> Activity:
Transcribe every line from the one containing "Il funerale di Ezio Tulli (foto Latina Oggi)" through the end of the records below, exactly, but not the pictures.

(Beginning of Records to process)

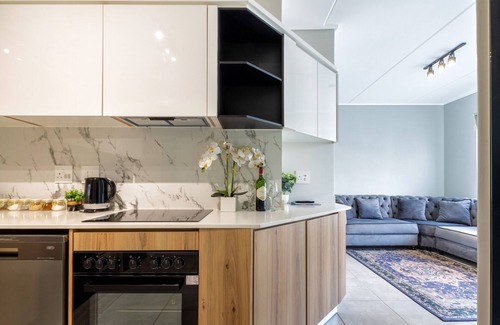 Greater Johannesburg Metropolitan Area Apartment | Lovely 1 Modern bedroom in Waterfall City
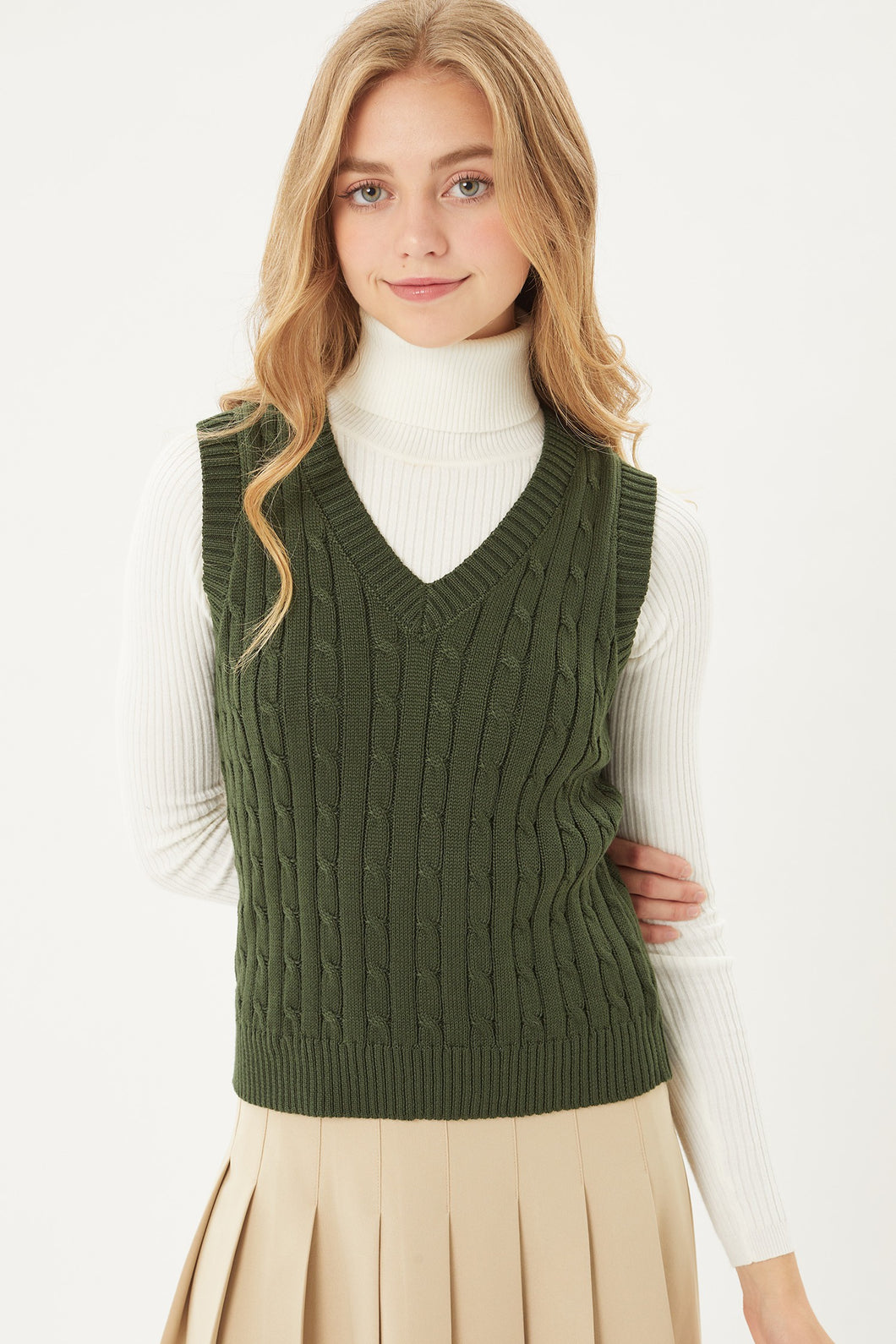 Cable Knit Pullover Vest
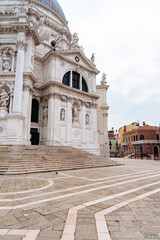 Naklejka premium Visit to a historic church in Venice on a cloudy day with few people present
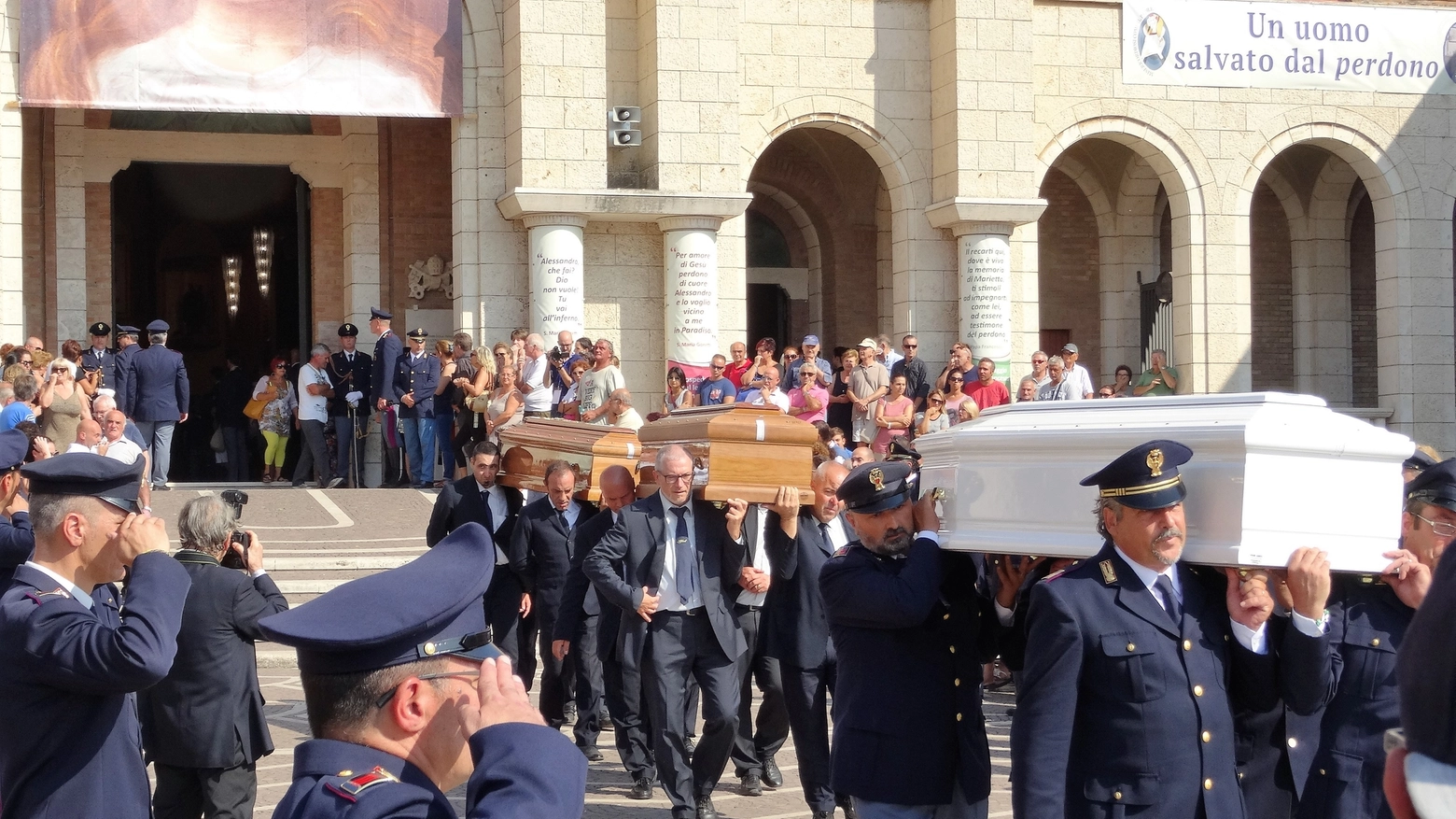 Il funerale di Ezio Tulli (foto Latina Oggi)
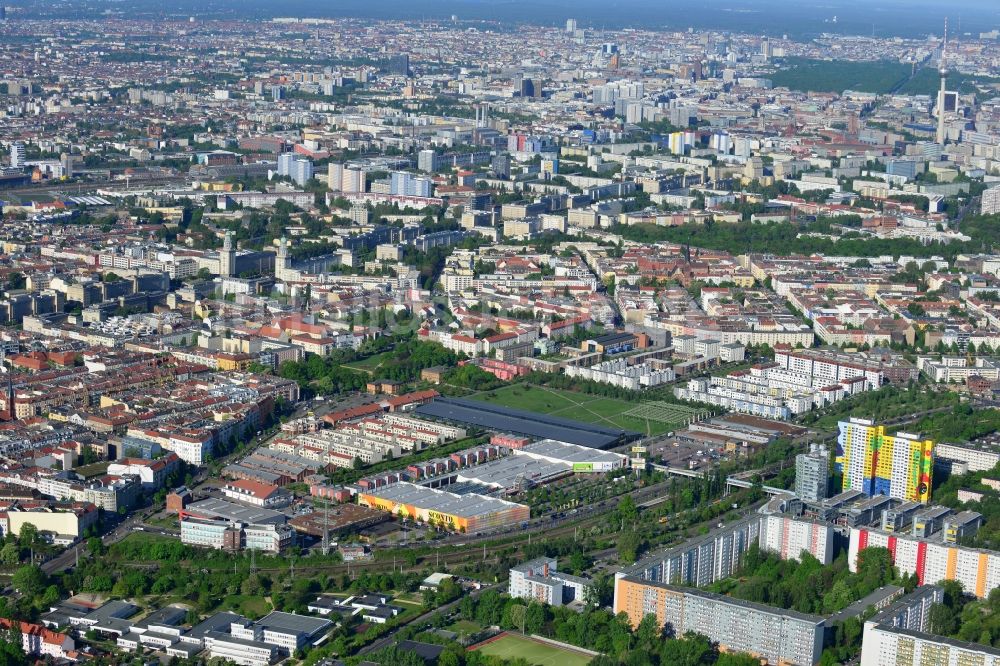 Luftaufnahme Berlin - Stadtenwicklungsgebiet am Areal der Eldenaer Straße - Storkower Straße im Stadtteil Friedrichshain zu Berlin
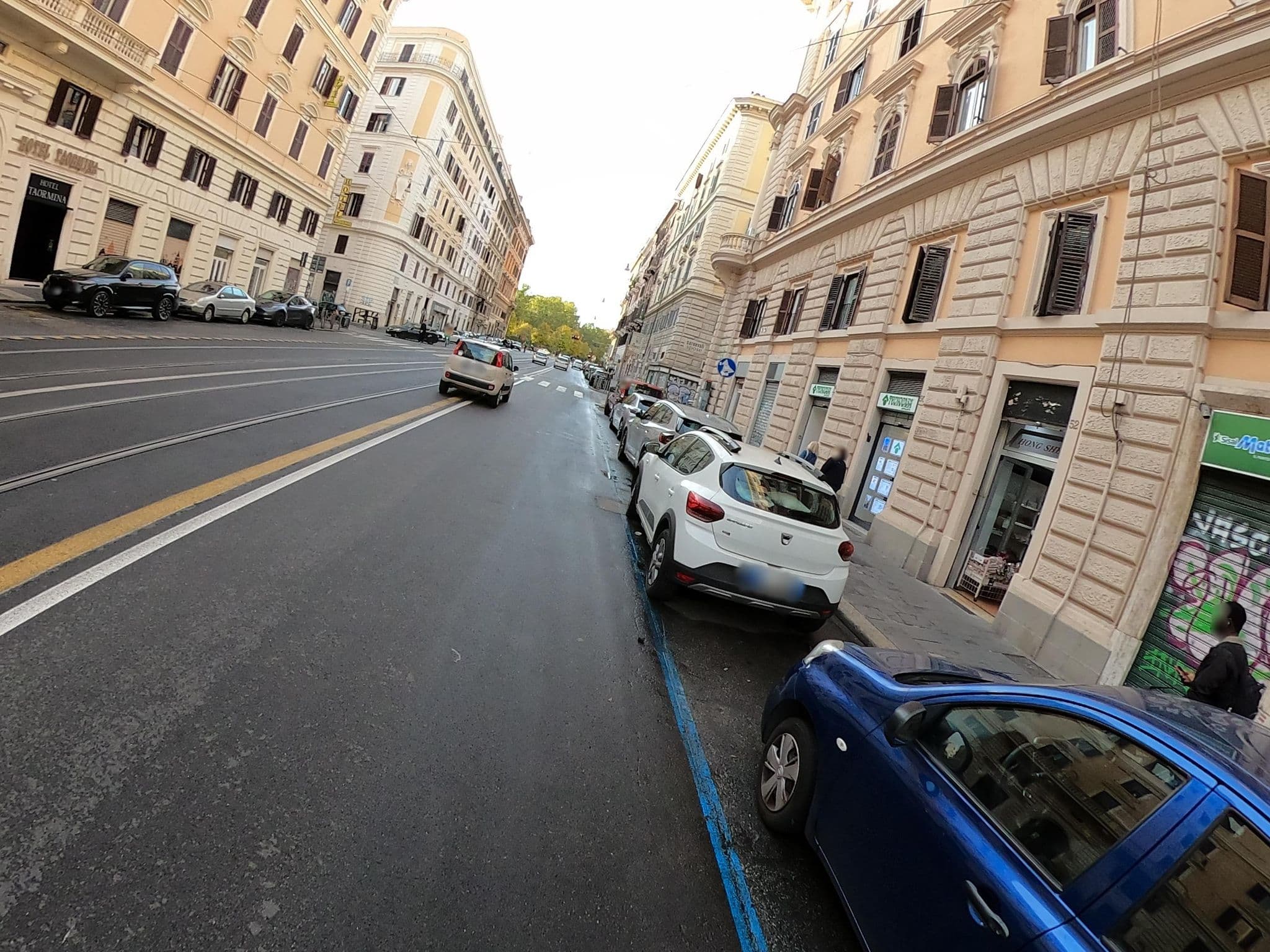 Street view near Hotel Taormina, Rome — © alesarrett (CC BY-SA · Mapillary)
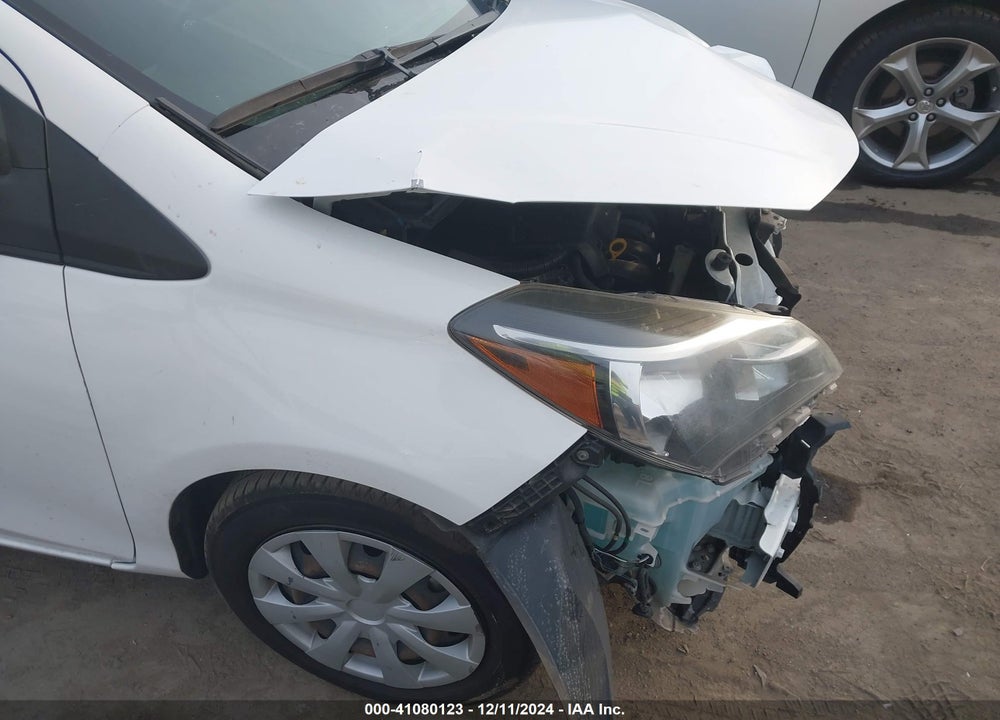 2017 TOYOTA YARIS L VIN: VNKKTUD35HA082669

(End of Records to process)

> Result:
 Il funerale di Ezio Tulli (foto Latina Oggi)
 Luftaufnahme Berlin - Stadtenwicklungsgebiet am Areal der Eldenaer Straße - Storkower Straße im Stadtteil Friedrichshain zu Berlin
 Street view near Hotel Taormina, Rome — © alesarrett (CC BY-SA · Mapillary)
 2017 TOYOTA YARIS L VIN: VNKKTUD35HA082669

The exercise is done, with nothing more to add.